Entretanto, em 28 de janeiro de 2009, o governo do estado de Minas Gerais anunciou junto com a prefeitura de Belo Horizonte que se juntara às obras para que a cidade fosse uma das sedes da Copa do Mundo de 2014. Assim, Belo Horizonte entraria no orçamento do Governo Federal para as obras de infraestrutura e mobilidade urbana prometidas pelo Programa de Aceleração do Crescimento (PAC). A capa do caderno Gerais do jornal O Estado de Minas, no dia 29 de janeiro de 2009, escrita por Paulo Henrique Lobato, comemora o anúncio. Em letras garrafais e coloridas: “Obras serão feitas pelo governo do estadual e são fundamentais para garantir Belo Horizonte como uma das sedes da Copa do Mundo de 2014” e “Avenida ganha seis Viadutos”. A matéria não dá voz às pessoas que seriam desapropriadas e exalta o corredor de ônibus anunciado: “Usuários e vizinhos da via comemoraram o projeto, pois, tão importante quanto a melhoria do trânsito, a obra dará nova cara ao corredor”. O único cidadão ouvido pela matéria era um morador do conjunto habitacional IAPI que fica em uma área que não é de desapropriação: “O futuro visual do corredor agradou à população, como o aposentado Hivany Gonçalves, de 77 anos, morador do IAPI há quase cinco décadas.” A matéria nem sequer citava que haveria desapropriações, só falava das obras, dos milhões a serem gastos, dos carros, da FIFA e do trânsito e da Copa do Mundo. Quando vi essa matéria, sabia que a partir daí, as obras chegariam à casa de vovó Virgínia (que ficava perto da rua Aribá e do conjunto IAPI, destacados na matéria). Em abril de 2009, minha avó foi desapropriada.

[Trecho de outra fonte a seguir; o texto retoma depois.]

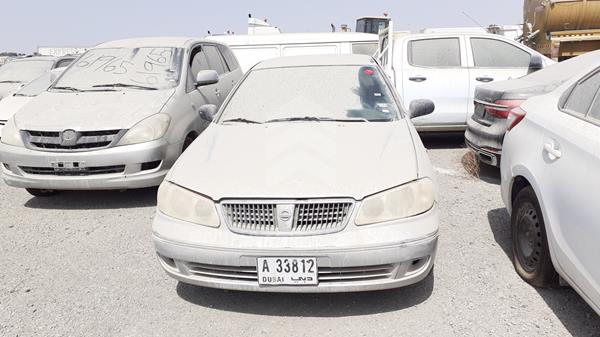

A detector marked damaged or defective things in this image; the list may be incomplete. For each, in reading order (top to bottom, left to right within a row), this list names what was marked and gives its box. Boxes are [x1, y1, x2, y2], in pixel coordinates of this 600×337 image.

abandoned car lot [1, 134, 600, 336] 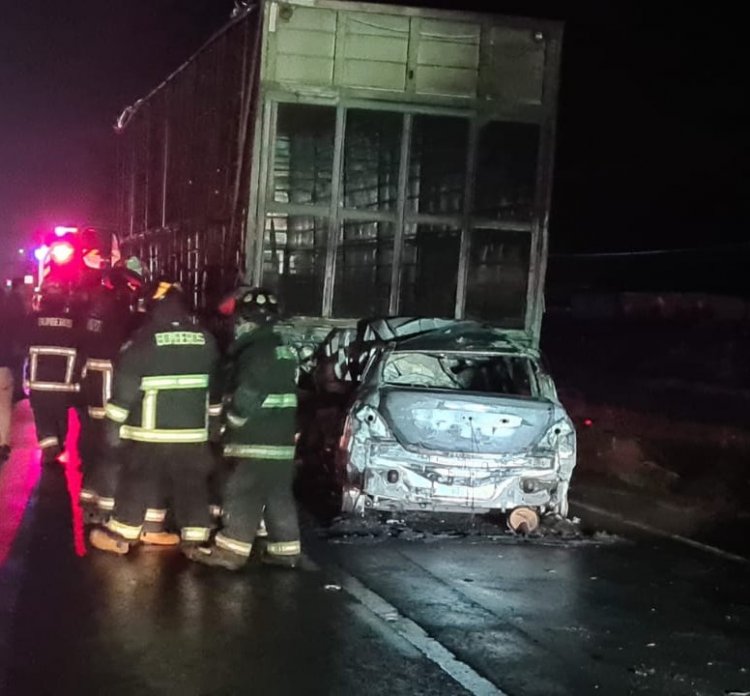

Assim que concluímos a montagem do filme, eu passaria pela parte mais difícil: mostrar o corte para a minha avó. Em 2010, ela estava já com a mobilidade muito reduzida e usando constantemente oxigênio. Posterior a sua desapropriação, vovó Virgínia piorou muito de um quadro de fibrose respiratória e foi internada um mês após sair de casa. Passou bastante tempo indo e voltando do hospital, e algum tempo depois foi morar com minha mãe. Mostrei o filme, sabendo que ela teria muitas críticas, afinal era sua vida exposta ali. Vovó riu e fechou a cara em momentos do filme. Depois da sessão, ela falou que não gostou muito da parte em que a sala abandonada e entulhada era mostrada, mas que entendia que “as histórias precisavam de conflitos”. Ficou muito pensativa e então disse: “eu mostrei para eles, né, Joana?”. Quando disse “eles”, vovó estava falando de todas as pessoas do poder público que reiteraram a ameaça de tirá-la de sua casa, das constantes obras transformando o lugar onde ela morava em uma parte inabitável, falava da mídia que não citava o drama dos desapropriados, falava das pessoas que diziam que ela deveria sair de lá, de uma cidade que não valorizava as suas memórias. Vovó estava dizendo que resistiu até o fim, que suportou as várias ampliações da avenida Antônio Carlos até que quase não houvesse mais espaço entre a avenida e sua casa, que enfrentou o secretário de obras da prefeitura e que, a final de contas, passou 56 anos resistindo. Ela estava orgulhosa de si.


Virgínia Pires sendo filmada com uma câmera Bolex 16 mm por Matheus Rocha (incluída como cena final do documentário). 2017.

Foto de Bianca Aun.


Virgínia Pires e Joana Oliveira no set em 2017.

Foto de Bianca Aun.


Morada foi finalizado com 78 minutos de duração. A última etapa da pós-produção do filme, a edição e mixagem do som e gravação da música dos créditos, foi feita entre fevereiro e abril de 2010. O convite para a estreia chegou em novembro do mesmo ano. O filme foi então lançado em 9 de dezembro de 2010 na sessão de documentários do 14º Festival de Cinema Luso-brasileiro de Santa Maria da Feira, em Portugal. Vovó Virgínia ficou muito feliz porque perto dessa região era a cidade natal de seu sogro. Minha avó era neta de portugueses e se casou com seu primo por parte de mãe. Além disso, o pai de meu avô era português, um imigrante vindo de Vianna do Castelo. Apesar de ter ouvido por toda a vida histórias daquele país e convivido com muitos portugueses, minha avó nunca havia ido ao país e sentiu que finalmente foi à Portugal com a estreia do filme. Na verdade, foi uma coincidência, finalizado em vídeo com qualidade de mini-DV, o filme teve dificuldade em ser selecionado em festivais de longas-metragens, como havíamos previsto. Mas, de alguma forma, foi escolhido para ser exibido em uma sessão especial de documentários, mesmo finalizado em vídeo. E o mais emocionante foi que a sessão foi abraçada pela Universidade Sénior da cidade. Além do público que já frequentava o festival, o cinema da Biblioteca Municipal de Santa Maria da Feira ficou lotado de senhoras e senhores que vibravam e se sentiam identificados com minha avó.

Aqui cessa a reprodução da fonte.